Thursday, February 26, 2015

Haunted Woolworth Mansion Destroyed by Mysterious Fire

A haunted mansion in New York built by the founder of the F.W. Woolworth’s retail chain was gutted this week by a mysterious fire – nearly 100 years after it was built to replace a previous mansion also destroyed by a mysterious fire. Did the ghost of the founder’s daughter have anything to do with it?

Before there was Sam Walton and Walmart, there was Frank Winfield “F.W.” Woolworth and the “Woolworth’s Great Five Cent Store,” one of the first retail stores to sell household goods. Started in 1878 in Utica, New York, it became one of the world’s largest retail chains before competitors like Walmart forced it out of business in 1997.

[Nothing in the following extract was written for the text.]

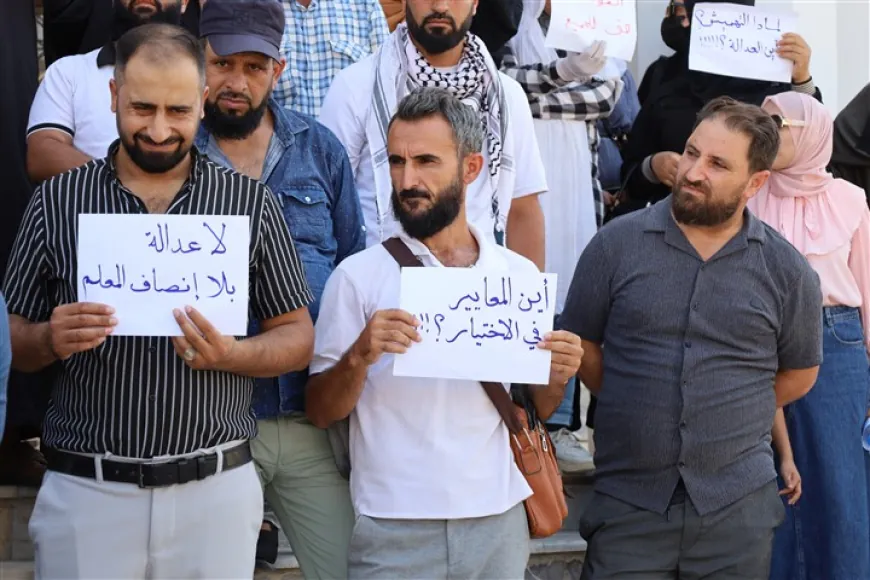 Protesta de maestros despedidos de Hasakah para exigir su reincorporación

Little is written about the mysterious fire that destroyed Woolworth’s first mansion. To replace it, he spent nine million dollars (in today’s money) on Winfield Hall in the exclusive Glen Cove neighborhood on Long Island, finishing it in 1916. Besides being opulent, the house was mysteriously riddled with secret passages and hidden chambers. Unfortunately, the house also seemed to bring a curse on the Woolworth family.


The dementia suffered by his wife, Jennie Creighton, worsened there. On the night of May 2, 1917, F.W. Woolworth hosted a party at the mansion during a thunderstorm. As the story goes, a bolt of lightning struck a marble fireplace, cracking the family coat of arms above the mantle right through the face of Edna Woolworth Hutton, their second of three daughters. The next morning, Edna was found by her 5-year-old daughter Barbara, dead by self-poisoning.

After that, an apparition of a young woman was often seen wandering in the halls and gardens of Winfield Hall, organ music was heard playing and there were at least 30 reports of crying coming from the “Marie Antoinette” room where Edna allegedly took her life – a room that locked after her death and never again opened. There were rumors that the secret passages were used for practicing the black arts. F.W. Woolworth died less than a year after Edna at the age of 66. Barbara Hutton eventually inherited the family fortune and squandered it during her own troubled life.

Winfield Hall eventually left the Woolworth family and is now owned by Martin Carey, the brother of former New York Governor Hugh Carey. The fire began in a first floor bedroom and spread quickly until 150 firefighters eventually. The cause of the fire is under investigation.

Was this Edna’s final act of closing the book on the Woolworth story?